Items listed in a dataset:

■ ■ ■

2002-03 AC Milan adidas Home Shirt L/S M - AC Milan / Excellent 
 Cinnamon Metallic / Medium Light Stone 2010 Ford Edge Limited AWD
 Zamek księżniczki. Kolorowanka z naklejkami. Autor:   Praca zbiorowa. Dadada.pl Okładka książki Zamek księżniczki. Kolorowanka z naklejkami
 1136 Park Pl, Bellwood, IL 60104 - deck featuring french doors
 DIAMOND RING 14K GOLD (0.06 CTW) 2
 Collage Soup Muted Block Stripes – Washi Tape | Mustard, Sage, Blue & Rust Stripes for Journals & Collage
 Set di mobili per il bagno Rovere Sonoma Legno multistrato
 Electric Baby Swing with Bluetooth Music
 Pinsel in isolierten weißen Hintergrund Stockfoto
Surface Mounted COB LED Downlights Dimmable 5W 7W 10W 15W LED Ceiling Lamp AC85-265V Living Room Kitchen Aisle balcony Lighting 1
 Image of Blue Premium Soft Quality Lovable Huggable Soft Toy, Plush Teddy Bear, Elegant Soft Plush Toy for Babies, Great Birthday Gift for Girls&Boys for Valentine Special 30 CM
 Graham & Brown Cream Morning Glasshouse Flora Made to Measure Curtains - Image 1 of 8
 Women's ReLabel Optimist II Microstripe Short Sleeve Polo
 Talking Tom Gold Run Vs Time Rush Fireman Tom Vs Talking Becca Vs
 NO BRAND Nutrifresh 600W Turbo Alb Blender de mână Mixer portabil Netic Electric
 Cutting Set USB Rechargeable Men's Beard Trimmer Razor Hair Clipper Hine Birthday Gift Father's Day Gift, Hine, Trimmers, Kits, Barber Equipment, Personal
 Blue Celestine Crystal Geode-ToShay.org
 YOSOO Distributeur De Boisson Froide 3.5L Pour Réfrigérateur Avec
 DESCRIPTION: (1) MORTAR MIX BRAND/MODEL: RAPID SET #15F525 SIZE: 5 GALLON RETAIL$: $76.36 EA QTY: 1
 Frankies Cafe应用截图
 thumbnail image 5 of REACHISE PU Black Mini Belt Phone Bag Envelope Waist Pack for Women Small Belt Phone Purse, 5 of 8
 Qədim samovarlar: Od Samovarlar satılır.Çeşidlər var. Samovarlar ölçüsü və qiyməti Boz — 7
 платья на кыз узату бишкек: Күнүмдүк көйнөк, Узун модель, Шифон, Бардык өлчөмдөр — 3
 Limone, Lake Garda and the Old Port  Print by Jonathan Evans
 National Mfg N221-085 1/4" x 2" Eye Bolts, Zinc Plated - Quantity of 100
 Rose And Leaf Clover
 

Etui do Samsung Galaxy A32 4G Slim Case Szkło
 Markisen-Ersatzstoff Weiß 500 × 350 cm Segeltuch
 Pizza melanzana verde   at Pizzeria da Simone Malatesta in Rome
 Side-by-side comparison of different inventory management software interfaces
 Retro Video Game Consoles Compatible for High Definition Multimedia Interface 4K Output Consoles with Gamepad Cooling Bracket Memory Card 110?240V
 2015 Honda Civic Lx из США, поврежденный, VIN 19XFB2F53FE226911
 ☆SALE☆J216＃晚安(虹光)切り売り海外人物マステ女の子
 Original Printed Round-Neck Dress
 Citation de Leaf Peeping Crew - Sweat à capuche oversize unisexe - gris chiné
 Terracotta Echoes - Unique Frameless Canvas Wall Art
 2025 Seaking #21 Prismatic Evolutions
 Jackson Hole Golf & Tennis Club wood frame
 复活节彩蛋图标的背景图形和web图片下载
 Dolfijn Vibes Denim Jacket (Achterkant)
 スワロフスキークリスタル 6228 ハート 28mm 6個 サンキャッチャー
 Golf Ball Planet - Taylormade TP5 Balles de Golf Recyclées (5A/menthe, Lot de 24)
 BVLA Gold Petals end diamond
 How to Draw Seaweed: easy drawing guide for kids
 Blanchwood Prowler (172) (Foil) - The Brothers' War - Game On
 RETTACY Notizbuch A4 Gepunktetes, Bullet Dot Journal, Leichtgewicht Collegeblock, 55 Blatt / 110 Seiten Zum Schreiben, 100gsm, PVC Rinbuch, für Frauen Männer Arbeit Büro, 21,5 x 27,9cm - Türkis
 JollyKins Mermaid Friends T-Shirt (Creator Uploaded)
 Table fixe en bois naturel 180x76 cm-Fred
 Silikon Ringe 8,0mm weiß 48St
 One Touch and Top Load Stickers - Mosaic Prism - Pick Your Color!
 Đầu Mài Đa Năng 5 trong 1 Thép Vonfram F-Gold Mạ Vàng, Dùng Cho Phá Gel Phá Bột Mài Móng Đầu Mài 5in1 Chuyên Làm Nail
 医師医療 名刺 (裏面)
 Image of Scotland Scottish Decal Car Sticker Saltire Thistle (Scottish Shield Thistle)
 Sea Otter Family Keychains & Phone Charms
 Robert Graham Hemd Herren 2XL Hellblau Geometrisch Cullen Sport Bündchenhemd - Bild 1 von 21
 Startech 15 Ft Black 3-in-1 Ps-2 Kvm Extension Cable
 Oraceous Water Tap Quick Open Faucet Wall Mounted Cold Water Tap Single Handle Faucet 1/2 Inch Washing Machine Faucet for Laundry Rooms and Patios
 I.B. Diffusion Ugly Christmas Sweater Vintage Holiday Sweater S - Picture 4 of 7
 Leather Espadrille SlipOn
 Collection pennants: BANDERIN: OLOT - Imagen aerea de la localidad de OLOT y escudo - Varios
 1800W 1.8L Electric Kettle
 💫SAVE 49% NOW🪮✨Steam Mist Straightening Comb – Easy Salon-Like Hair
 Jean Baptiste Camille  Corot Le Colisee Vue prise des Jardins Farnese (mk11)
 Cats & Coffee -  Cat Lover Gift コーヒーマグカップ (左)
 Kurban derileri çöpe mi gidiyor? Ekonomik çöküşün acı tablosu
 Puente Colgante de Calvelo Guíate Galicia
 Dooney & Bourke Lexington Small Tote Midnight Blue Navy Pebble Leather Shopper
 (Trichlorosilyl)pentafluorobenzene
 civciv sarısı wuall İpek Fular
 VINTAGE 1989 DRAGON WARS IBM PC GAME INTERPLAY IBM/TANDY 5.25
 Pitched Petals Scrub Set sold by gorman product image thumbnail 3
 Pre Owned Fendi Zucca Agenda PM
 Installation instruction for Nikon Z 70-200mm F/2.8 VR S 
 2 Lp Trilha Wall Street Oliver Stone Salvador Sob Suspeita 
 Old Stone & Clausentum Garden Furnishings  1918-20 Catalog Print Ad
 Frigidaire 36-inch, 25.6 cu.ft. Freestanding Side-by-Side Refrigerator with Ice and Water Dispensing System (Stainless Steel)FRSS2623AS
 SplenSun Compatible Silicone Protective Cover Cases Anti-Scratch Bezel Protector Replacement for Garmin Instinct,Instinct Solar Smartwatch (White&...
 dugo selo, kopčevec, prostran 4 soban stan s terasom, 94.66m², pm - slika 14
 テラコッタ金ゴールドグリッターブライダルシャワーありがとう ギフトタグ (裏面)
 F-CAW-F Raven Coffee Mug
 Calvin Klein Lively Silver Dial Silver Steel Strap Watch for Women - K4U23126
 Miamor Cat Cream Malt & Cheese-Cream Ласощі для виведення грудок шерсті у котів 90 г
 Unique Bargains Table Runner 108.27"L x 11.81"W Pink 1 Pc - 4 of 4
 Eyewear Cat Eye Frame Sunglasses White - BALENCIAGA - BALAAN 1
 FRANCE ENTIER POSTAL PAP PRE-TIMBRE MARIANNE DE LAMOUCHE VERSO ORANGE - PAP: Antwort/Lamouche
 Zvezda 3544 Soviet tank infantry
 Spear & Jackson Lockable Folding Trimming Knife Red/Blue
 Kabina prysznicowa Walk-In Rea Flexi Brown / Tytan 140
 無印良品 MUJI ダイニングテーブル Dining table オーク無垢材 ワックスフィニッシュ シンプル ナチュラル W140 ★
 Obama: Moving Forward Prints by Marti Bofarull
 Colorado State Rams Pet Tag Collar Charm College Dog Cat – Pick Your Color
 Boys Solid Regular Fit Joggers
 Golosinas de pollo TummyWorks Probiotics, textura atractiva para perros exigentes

■ ■ ■

The first line of the records begins the span, and the line containing "Zamek księżniczki. Kolorowanka z naklejkami." ends it. Reproduce that span exactly, both ends included.

2002-03 AC Milan adidas Home Shirt L/S M - AC Milan / Excellent 
 Cinnamon Metallic / Medium Light Stone 2010 Ford Edge Limited AWD
 Zamek księżniczki. Kolorowanka z naklejkami. Autor:   Praca zbiorowa. Dadada.pl Okładka książki Zamek księżniczki. Kolorowanka z naklejkami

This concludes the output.